The work started a few years ago.

“The development of these things takes a while,” Holmdahl said. “You develop some things that don’t work. We have converged on something that people will love.”

Multerer said the machine has 8GBs of RAM because it needed to have fast-switching between apps and support two things running at the same time, such as the Kinect entertainment controls and the games.

The new generation of graphics chips is based on supercomputing technologies and having the right data flow, with the focus on having the data in the right places at the right time. So there had to be caches of memory on the die, on the CPU, to feed that data to the processor, Multerer said.

Baker said that things like Hyper V, virtualization, and 64-bit processors really started in a data center. Getting them into a living room device wasn’t easy.

“This is really a first,” Baker said.

“And it’s hard to do,” Multerer said. “David Cutler came under our team a year and a half ago and he worked on the operating system himself.”

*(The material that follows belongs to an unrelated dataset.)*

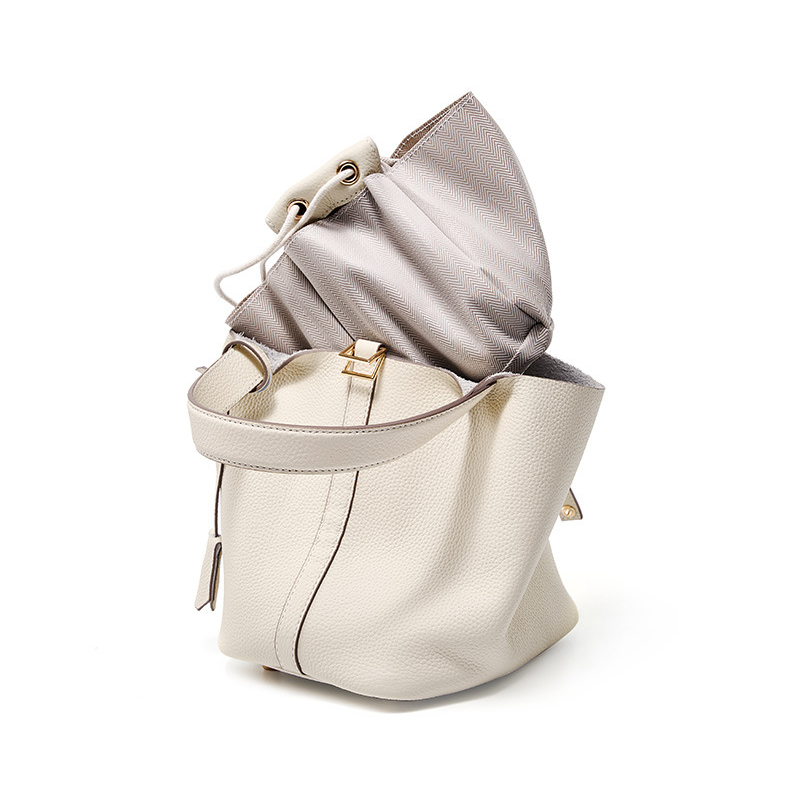Women's Genuine Leather Silver Buckle Basket Bag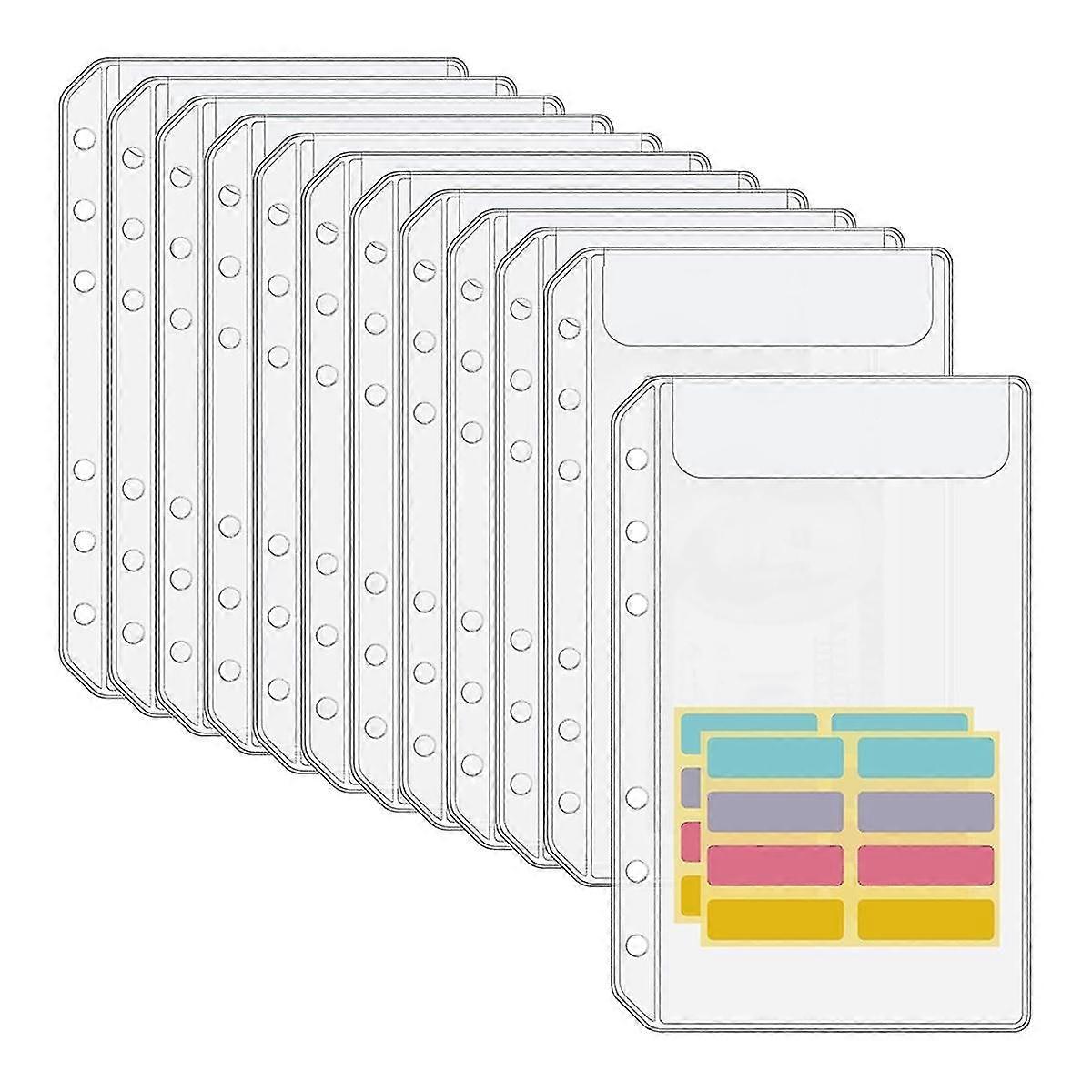 A6 Binder Pockets 12PCS No Zipper Envelopes for Budgeting,6-Hole Zipperless Binder Pouches Envelope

The machine’s software takes lessons from the services world. The team started with virtual machine technology and it stripped out general-purpose functions out. It boiled it down to the bare minimum so that the virtual machine — a middle software layer — can run extremely fast and won’t slow down games. This kind of software can be partitioned into different parts so it can handle different tasks simultaneously. One of the machine’s operating systems boots up and is “created” when the machine turns on, Multerer said. Then it stays operating while the machine is on, and then disappears when the machine is turned off.

“When you can do two things at one time, it solves a lot of problems,” like figuring out when your friends are online and they are trying to get in touch with you, Multerer said.

There’s a third operating system as well that handles other kinds of services, such as the TV services. Switching between these operating systems quickly gives the system its instantaneous feel, Multerer said.

With Xbox Live, the number of servers supporting the system in the cloud is huge. Those servers can be swapped out. When the hardware becomes more powerful over time, developers can build bigger game worlds and put more action on the screen at once, Multerer said.

Dan Greenawalt, one of the game development experts at Microsoft and creative director at Turn 10 Studios (the folks behind the Forza Motorsport auto-racing franchise), said that Microsoft brought together teams from Microsoft Research and other teams.

“This is the next giant leap forward,” he said.